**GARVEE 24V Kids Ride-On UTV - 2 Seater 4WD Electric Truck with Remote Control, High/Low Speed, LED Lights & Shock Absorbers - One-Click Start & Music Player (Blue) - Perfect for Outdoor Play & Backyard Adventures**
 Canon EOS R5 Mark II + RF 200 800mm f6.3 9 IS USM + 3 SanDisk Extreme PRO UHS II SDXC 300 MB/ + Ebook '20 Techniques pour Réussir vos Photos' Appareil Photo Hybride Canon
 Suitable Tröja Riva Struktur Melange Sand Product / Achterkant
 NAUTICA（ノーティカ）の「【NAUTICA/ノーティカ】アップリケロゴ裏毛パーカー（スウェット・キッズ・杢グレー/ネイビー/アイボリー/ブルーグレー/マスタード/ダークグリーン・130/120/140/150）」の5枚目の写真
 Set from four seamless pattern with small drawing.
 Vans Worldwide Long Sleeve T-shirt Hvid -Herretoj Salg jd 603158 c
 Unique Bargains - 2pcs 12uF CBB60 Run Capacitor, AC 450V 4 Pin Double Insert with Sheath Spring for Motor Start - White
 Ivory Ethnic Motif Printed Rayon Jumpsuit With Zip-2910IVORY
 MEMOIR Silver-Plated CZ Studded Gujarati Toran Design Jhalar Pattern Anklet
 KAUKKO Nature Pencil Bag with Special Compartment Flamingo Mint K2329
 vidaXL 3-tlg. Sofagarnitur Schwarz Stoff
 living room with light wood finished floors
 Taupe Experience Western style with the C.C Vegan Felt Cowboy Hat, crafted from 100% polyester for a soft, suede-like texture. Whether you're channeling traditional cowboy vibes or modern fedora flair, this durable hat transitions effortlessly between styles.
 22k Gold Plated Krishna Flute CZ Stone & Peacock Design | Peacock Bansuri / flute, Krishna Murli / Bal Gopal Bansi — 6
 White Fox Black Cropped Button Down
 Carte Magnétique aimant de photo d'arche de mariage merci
______
• _Description of the task_
Your answer should consist of every line from the entries that holds "Design".

• _Task response_
 MEMOIR Silver-Plated CZ Studded Gujarati Toran Design Jhalar Pattern Anklet
 22k Gold Plated Krishna Flute CZ Stone & Peacock Design | Peacock Bansuri / flute, Krishna Murli / Bal Gopal Bansi — 6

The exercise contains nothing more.